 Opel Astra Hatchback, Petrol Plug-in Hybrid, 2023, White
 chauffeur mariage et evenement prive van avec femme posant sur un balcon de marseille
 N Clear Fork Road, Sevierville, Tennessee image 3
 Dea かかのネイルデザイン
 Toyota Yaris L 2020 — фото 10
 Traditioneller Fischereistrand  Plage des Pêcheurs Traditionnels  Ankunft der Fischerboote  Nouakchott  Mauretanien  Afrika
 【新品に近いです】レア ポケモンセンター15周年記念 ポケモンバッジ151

::::::::::

YOUR ASSIGNMENT ->
Exact copies of the lines from the one holding "N Clear Fork" through the last line above, and only those, make up the answer.

RESULT BELOW ->
 N Clear Fork Road, Sevierville, Tennessee image 3
 Dea かかのネイルデザイン
 Toyota Yaris L 2020 — фото 10
 Traditioneller Fischereistrand  Plage des Pêcheurs Traditionnels  Ankunft der Fischerboote  Nouakchott  Mauretanien  Afrika
 【新品に近いです】レア ポケモンセンター15周年記念 ポケモンバッジ151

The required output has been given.